▶ _Work request_
Give exactly the lines from the one with "Unable to Bear" through the final line of the listing below, both included, leaving out any pictures.

------------------------------------

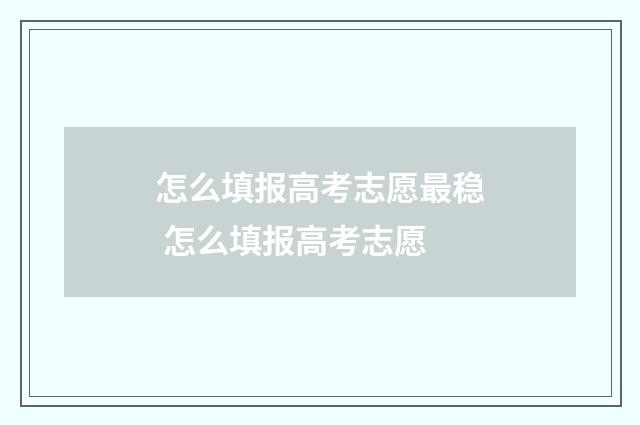怎么填报高考志愿最稳 怎么填报高考志愿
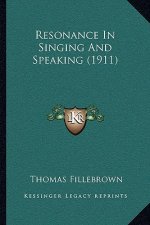 Resonance In Singing And Speaking (1911)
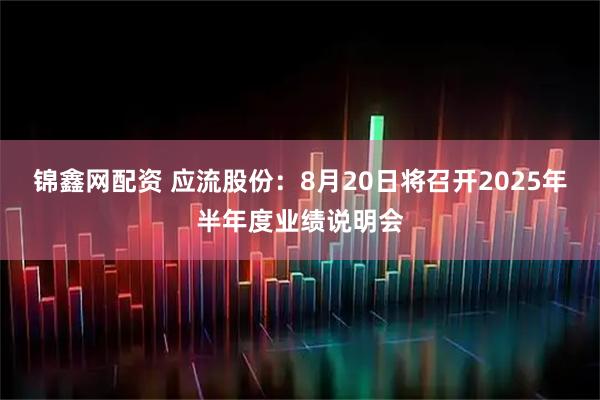 锦鑫网配资 应流股份：8月20日将召开2025年半年度业绩说明会
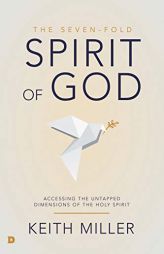 The Seven-Fold Spirit of God: Accessing the Untapped Dimensions of the Holy Spirit by Keith Miller Paperback Book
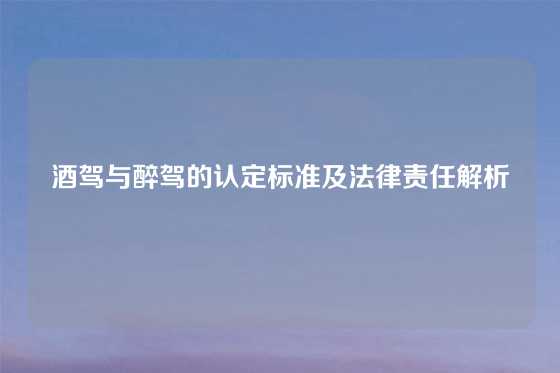 酒驾与醉驾的认定标准及法律责任解析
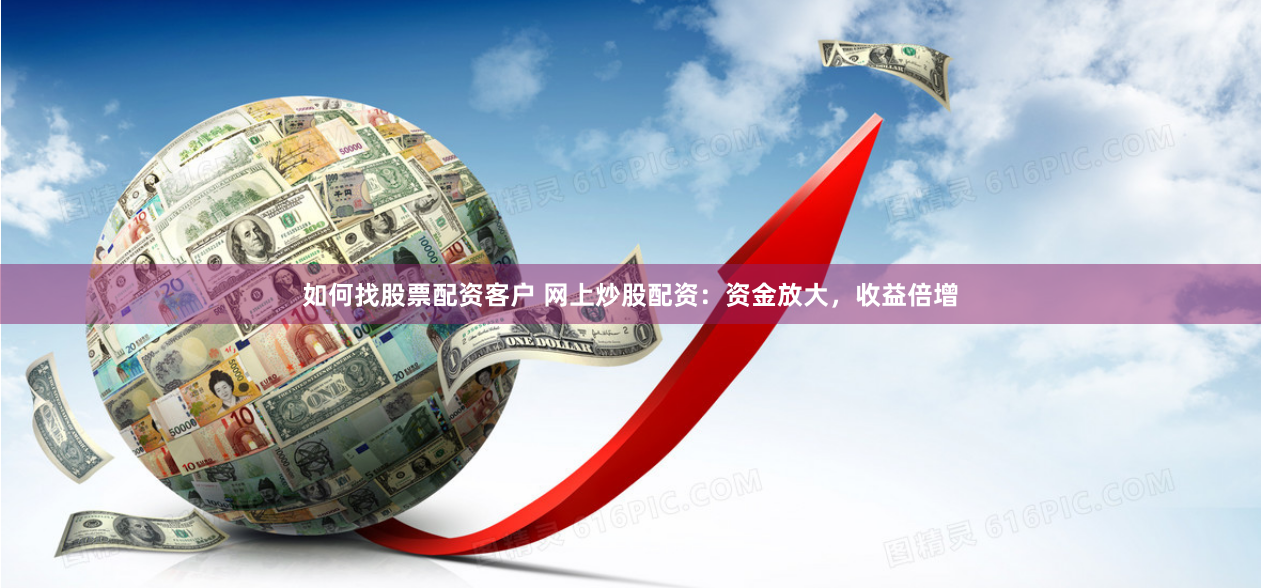 如何找股票配资客户 网上炒股配资：资金放大，收益倍增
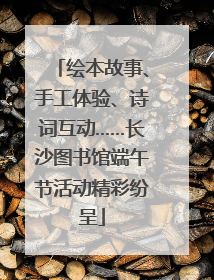 绘本故事、手工体验、诗词互动……长沙图书馆端午节活动精彩纷呈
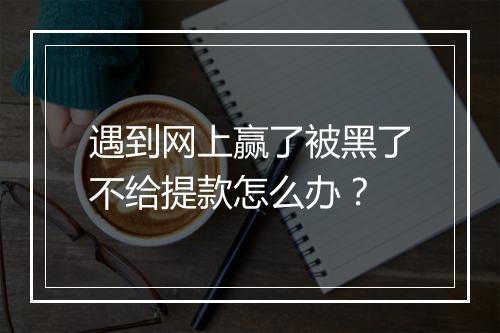 遇到网上赢了被黑了不给提款怎么办？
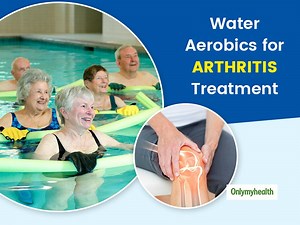 Unable to Bear Painful Joints? Try Out These Water Aerobic Exercises for Arthritis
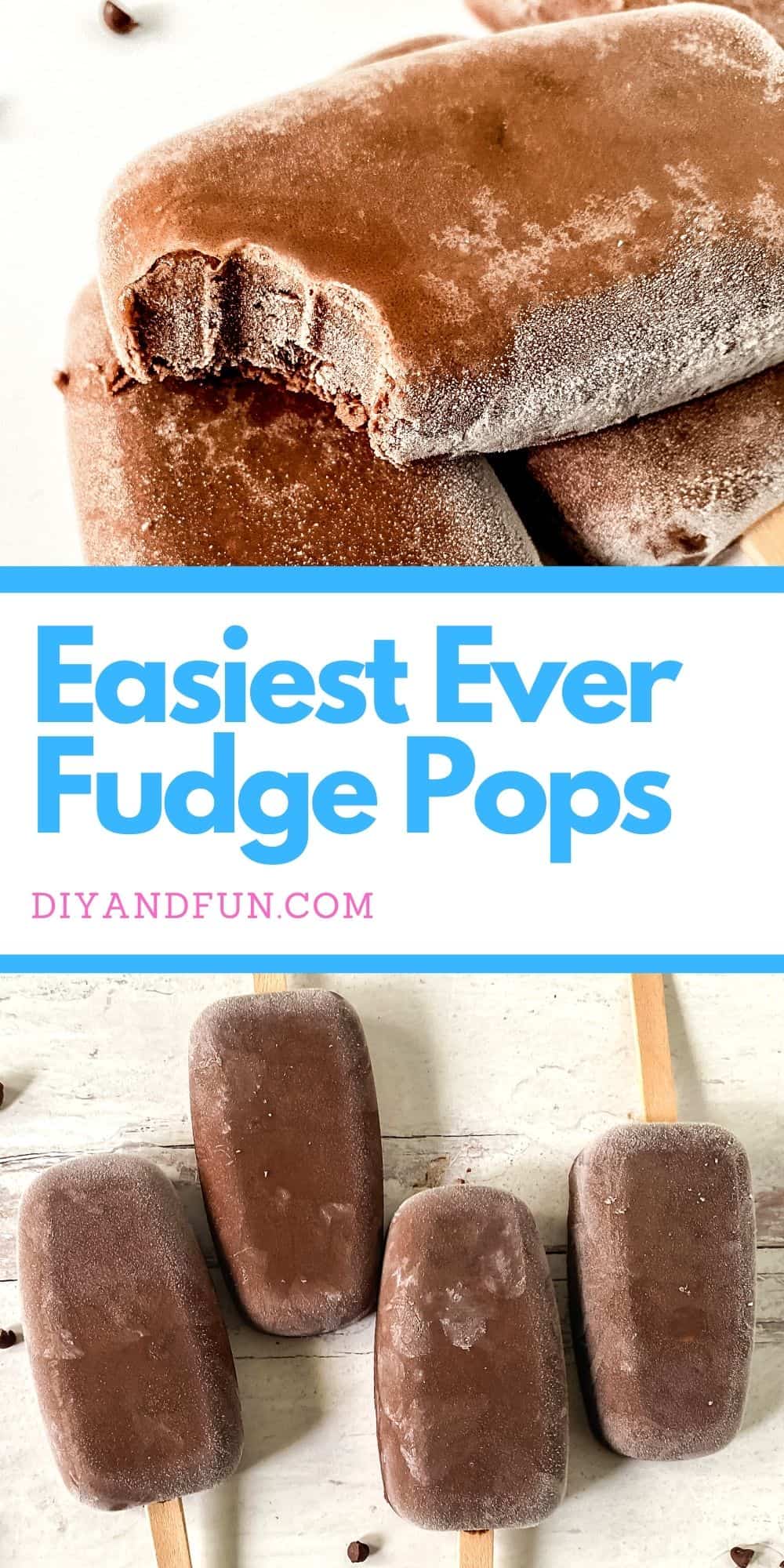 Easiest Ever Fudge Pops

------------------------------------

▶ _Expected answer_
 Unable to Bear Painful Joints? Try Out These Water Aerobic Exercises for Arthritis
 Easiest Ever Fudge Pops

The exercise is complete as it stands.